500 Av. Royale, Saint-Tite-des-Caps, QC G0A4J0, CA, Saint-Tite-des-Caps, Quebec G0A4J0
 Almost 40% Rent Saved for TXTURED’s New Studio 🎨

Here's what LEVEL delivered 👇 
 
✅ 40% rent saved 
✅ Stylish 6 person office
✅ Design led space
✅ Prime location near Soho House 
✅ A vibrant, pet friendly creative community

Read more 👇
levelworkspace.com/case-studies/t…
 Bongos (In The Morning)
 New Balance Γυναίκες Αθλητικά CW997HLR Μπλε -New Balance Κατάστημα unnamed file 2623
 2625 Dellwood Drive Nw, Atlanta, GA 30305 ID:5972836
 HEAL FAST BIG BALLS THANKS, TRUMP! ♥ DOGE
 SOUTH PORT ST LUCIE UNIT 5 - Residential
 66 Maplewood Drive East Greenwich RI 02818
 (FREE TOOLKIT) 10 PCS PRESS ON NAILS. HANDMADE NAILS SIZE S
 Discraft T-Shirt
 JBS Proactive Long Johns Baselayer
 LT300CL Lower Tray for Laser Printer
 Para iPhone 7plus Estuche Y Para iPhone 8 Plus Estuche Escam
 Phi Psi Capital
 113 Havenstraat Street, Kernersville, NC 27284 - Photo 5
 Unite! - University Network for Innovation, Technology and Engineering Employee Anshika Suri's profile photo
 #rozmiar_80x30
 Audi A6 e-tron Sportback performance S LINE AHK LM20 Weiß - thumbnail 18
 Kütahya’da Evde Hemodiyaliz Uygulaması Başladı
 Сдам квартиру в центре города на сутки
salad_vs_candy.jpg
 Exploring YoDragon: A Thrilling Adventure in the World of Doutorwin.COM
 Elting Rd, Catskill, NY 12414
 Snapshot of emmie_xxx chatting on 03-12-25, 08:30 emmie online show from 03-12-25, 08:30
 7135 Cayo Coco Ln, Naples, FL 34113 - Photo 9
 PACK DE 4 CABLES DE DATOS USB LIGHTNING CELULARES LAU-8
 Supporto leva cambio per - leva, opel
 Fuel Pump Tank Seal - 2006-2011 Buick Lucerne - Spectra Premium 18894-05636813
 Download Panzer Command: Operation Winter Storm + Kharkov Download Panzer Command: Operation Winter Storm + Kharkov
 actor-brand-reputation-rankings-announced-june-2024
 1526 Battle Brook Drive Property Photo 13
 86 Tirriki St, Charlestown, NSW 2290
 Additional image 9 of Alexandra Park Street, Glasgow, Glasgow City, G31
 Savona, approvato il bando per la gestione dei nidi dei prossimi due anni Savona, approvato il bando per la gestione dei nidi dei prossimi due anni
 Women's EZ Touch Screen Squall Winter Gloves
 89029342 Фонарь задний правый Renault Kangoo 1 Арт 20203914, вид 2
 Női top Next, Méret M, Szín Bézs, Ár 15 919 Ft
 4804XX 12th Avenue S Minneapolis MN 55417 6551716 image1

• • • •

EXERCISE GOAL:
An exact, complete copy of the lines above from the one with "friendly creative community" through the one with "Kütahya’da Evde Hemodiyaliz" is the whole answer.

TASK RESULT:
✅ A vibrant, pet friendly creative community

Read more 👇
levelworkspace.com/case-studies/t…
 Bongos (In The Morning)
 New Balance Γυναίκες Αθλητικά CW997HLR Μπλε -New Balance Κατάστημα unnamed file 2623
 2625 Dellwood Drive Nw, Atlanta, GA 30305 ID:5972836
 HEAL FAST BIG BALLS THANKS, TRUMP! ♥ DOGE
 SOUTH PORT ST LUCIE UNIT 5 - Residential
 66 Maplewood Drive East Greenwich RI 02818
 (FREE TOOLKIT) 10 PCS PRESS ON NAILS. HANDMADE NAILS SIZE S
 Discraft T-Shirt
 JBS Proactive Long Johns Baselayer
 LT300CL Lower Tray for Laser Printer
 Para iPhone 7plus Estuche Y Para iPhone 8 Plus Estuche Escam
 Phi Psi Capital
 113 Havenstraat Street, Kernersville, NC 27284 - Photo 5
 Unite! - University Network for Innovation, Technology and Engineering Employee Anshika Suri's profile photo
 #rozmiar_80x30
 Audi A6 e-tron Sportback performance S LINE AHK LM20 Weiß - thumbnail 18
 Kütahya’da Evde Hemodiyaliz Uygulaması Başladı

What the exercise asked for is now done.